The present disclosure further provides a method for detecting an immune response in a subject, comprising the steps of:
- providing the protein microarray described above;
- adding a non-protein blocking reagent to the plurality of protein array blocks of the protein microarray for reacting 5 to 10 minutes to obtain a first protein microarray;
- providing a to-be-tested sample from the subject, adding the to-be-tested sample to the first protein microarray for reacting 50 to 70 minutes, and then washing to obtain a second protein microarray;
- provide a first fluorescently labeled angiotensin-converting enzyme 2 (ACE2) receptor on a human cell surface and a second fluorescently labeled anti-human immunoglobulin antibody, adding the first fluorescently labeled ACE2 receptor on the human cell surface and the second (fluorescently labeled anti-human immunoglobulin antibody to the second protein microarray, and reacting for 50 to 70 minutes followed by washing to obtain a third protein microarray; and
- reading an optical signal generated from the third protein microarray by a signal reader to quantify the anti-human immunoglobulin antibody.
In one embodiment, the to-be-tested sample comprises a serum or a plasma of the subject.
In one embodiment, the anti-human immunoglobulin antibody comprises a human immunoglobulin G (IgG), a human immunoglobulin A (IgA), a human immunoglobulin M (IgM), or any combination thereof.
In one embodiment, a fluorescence used for the first fluorescently labeled ACE2 receptor comprise cyanine dye Cy3 or cyanine dye Cy5, and a fluorescence used for the second fluorescently labeled anti-human immunoglobulin antibody comprise cyanine dye Cy3 or cyanine dye Cy5. The fluorescence used for the first fluorescently labeled ACE2 receptor is different from the fluorescence used for the second fluorescently labeled anti-human immunoglobulin antibody.

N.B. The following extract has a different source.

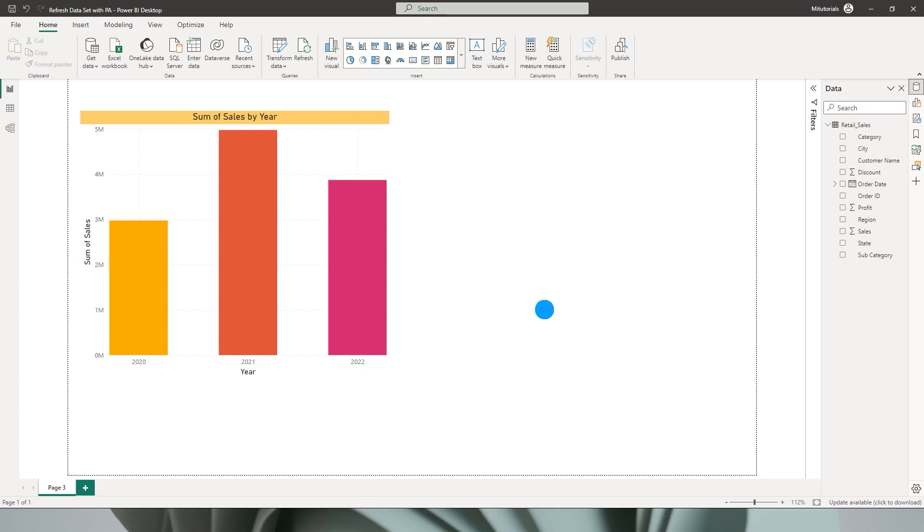Hello everyone and welcome back to my channel MITutorials. In this tutorial I will be teaching you how you can empower the end user to refresh your Power BI data set based on his requirement using Power Automate.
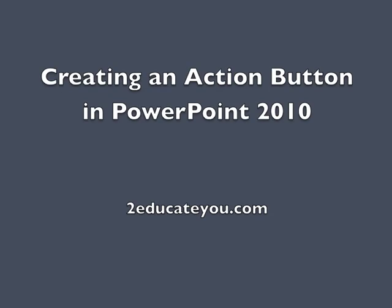Hi, this is Kathy. In this video, I'm going to show you how to insert an action button on a slide in PowerPoint.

The protein microarray of the present disclosure may quickly and accurately detect the protection ability of the COVID-19 vaccines, antibody drugs, or small molecule drugs against wild-type SARS-CoV-2 virus and several SARS-CoV-2 variants infections in a single test, and an immune response in a subject after vaccination by immobilizing the extracellular domain or the receptor binding domain of the spike protein from the wild-type SARS-CoV-2 virus or variants thereof on the substrate of the protein microarray. The protein microarray of the present disclosure may also quickly and accurately detect the immune response in the patient after being infected with the wild-type SARS-CoV-2 virus or variants thereof, and categorize the patient into the mild/moderate, severe, or critical case for preventive administration by applying the serum or plasma of the patient to the protein microarray for detection to reduce the risk of death of patients.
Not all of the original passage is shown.